START RECORDS
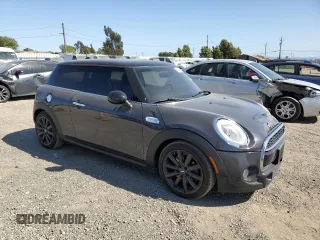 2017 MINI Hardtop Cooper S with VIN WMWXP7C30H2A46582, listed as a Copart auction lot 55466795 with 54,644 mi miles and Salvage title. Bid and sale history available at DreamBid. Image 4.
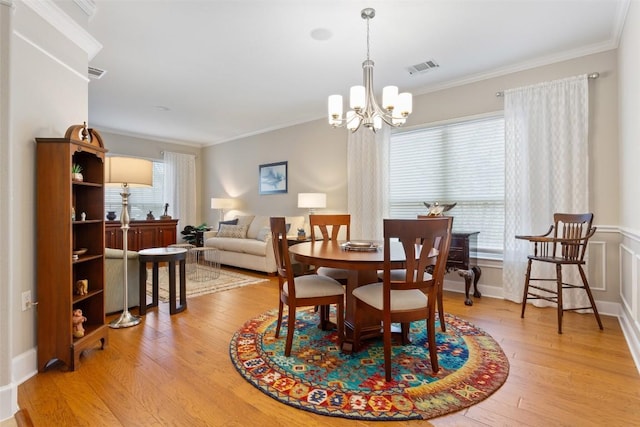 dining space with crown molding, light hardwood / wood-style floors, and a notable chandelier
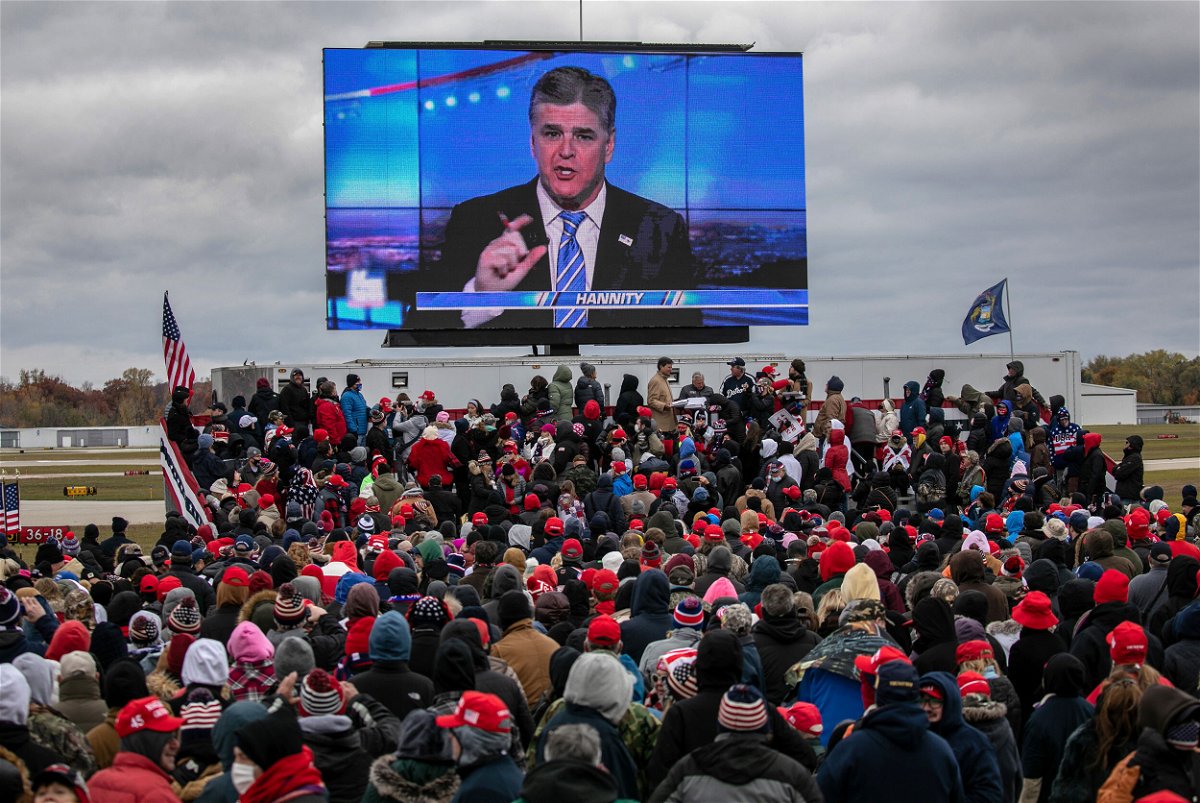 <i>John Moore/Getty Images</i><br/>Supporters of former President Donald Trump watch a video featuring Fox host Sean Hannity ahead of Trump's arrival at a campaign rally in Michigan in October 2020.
END RECORDS
START RECORDS
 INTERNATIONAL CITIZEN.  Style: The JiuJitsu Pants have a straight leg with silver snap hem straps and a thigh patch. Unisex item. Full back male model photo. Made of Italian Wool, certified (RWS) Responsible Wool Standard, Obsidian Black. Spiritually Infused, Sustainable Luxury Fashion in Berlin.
END RECORDS
START RECORDS
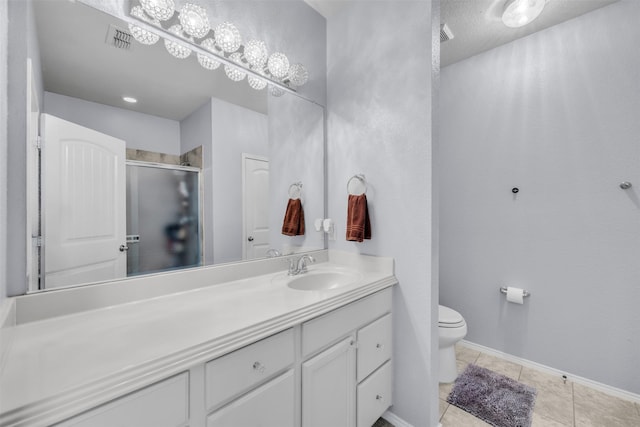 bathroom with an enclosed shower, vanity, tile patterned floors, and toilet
END RECORDS
EXERCISE PROMPT: Within these entries, output exactly the lines starting at the one with "2017 MINI Hardtop" and finishing at the one with "<i>John Moore/Getty Images</i><br/>Supporters". Leave pictures out of the output.

SOLUTION FOR THIS EXERCISE:
 2017 MINI Hardtop Cooper S with VIN WMWXP7C30H2A46582, listed as a Copart auction lot 55466795 with 54,644 mi miles and Salvage title. Bid and sale history available at DreamBid. Image 4.
 dining space with crown molding, light hardwood / wood-style floors, and a notable chandelier
 <i>John Moore/Getty Images</i><br/>Supporters of former President Donald Trump watch a video featuring Fox host Sean Hannity ahead of Trump's arrival at a campaign rally in Michigan in October 2020.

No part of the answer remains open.